Record set: Begin

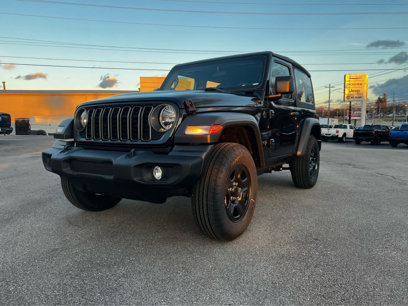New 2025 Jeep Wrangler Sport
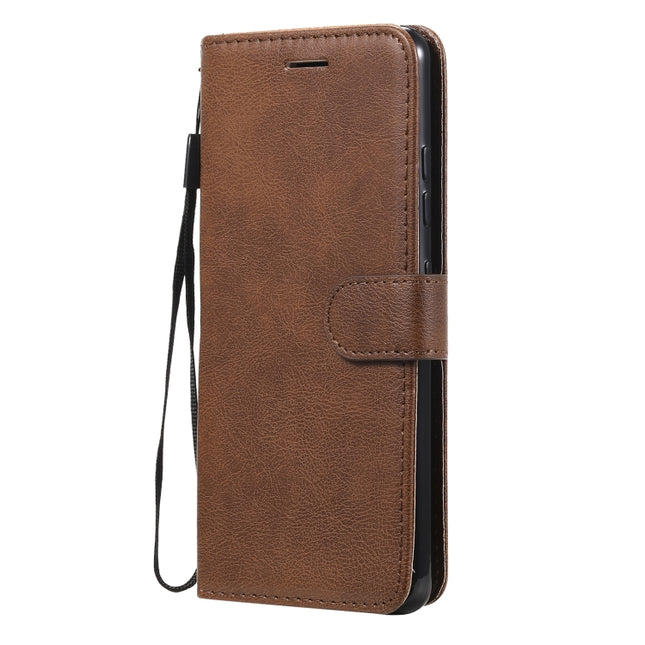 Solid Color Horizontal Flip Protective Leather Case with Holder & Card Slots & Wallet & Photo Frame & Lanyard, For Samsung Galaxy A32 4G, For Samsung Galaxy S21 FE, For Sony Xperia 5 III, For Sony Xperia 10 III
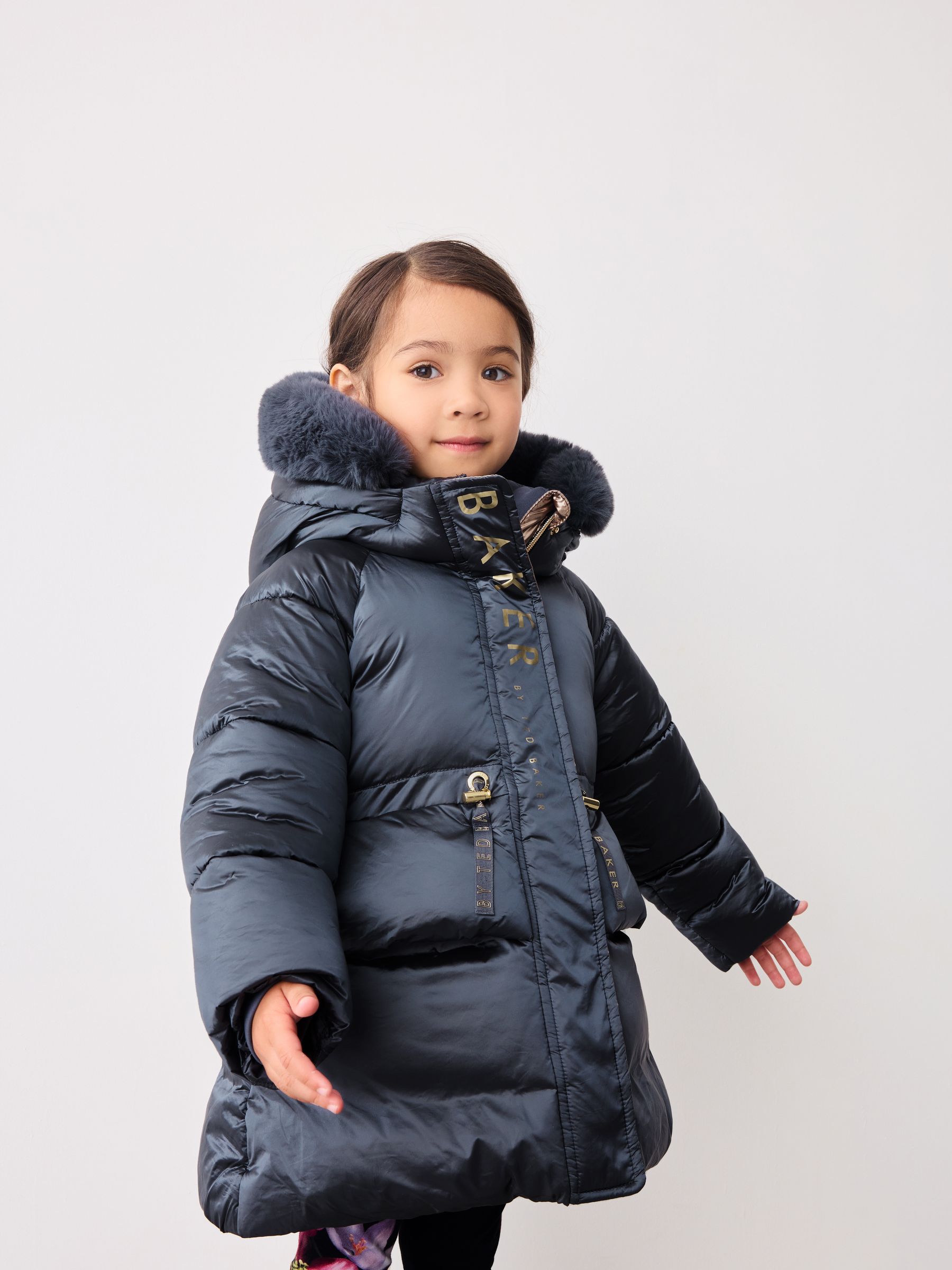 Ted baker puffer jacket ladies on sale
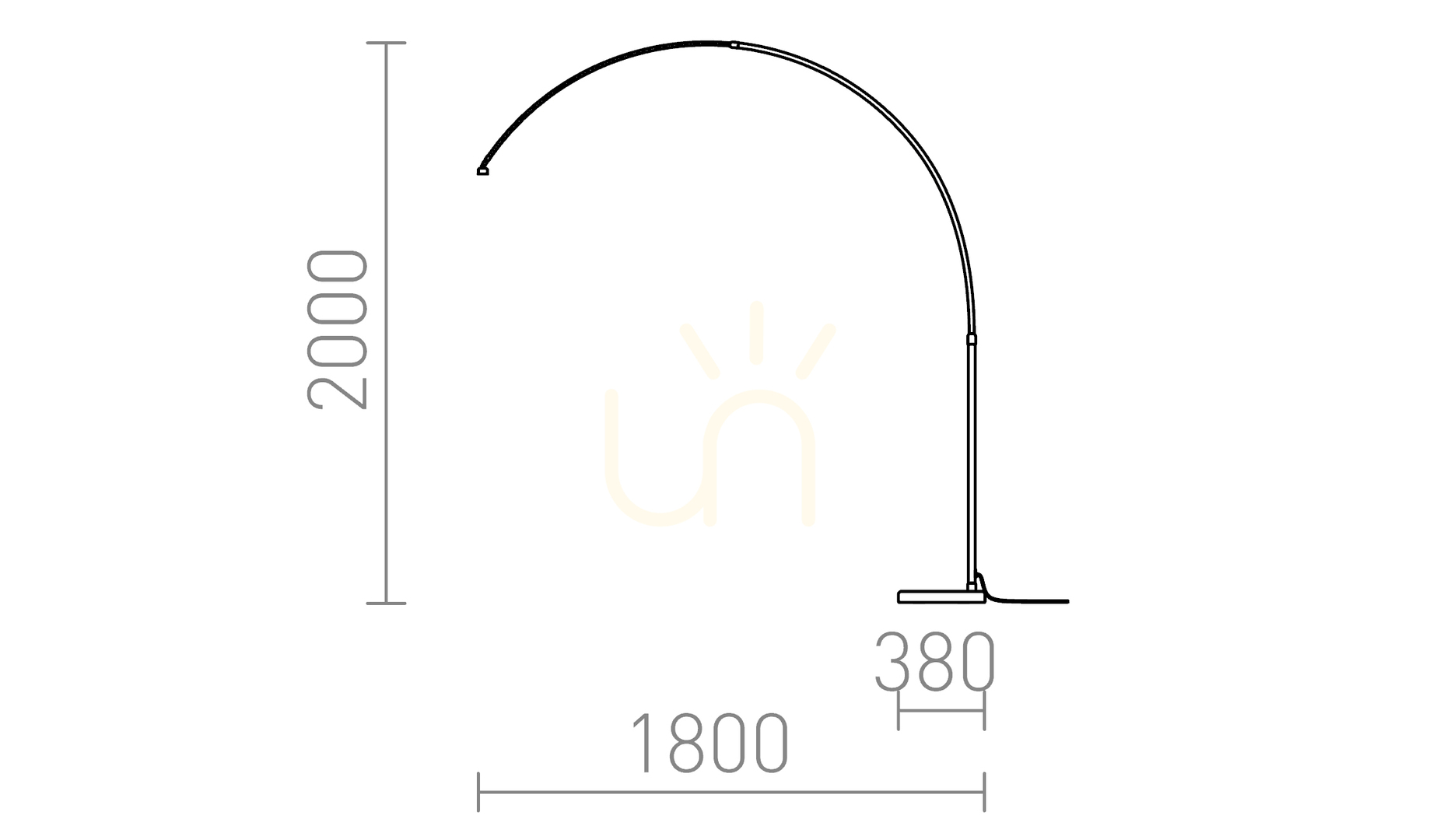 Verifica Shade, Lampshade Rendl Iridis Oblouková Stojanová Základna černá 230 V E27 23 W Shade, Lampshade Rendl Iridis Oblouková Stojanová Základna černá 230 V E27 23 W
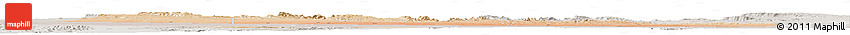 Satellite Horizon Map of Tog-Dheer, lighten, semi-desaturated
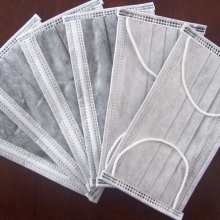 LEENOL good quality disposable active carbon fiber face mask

Record set: End

Nothing but the lines from the one with "Satellite Horizon Map" through the end of the entries above, both included, should be set down, exactly and without pictures.

#### [Exercise output]
 Satellite Horizon Map of Tog-Dheer, lighten, semi-desaturated
 LEENOL good quality disposable active carbon fiber face mask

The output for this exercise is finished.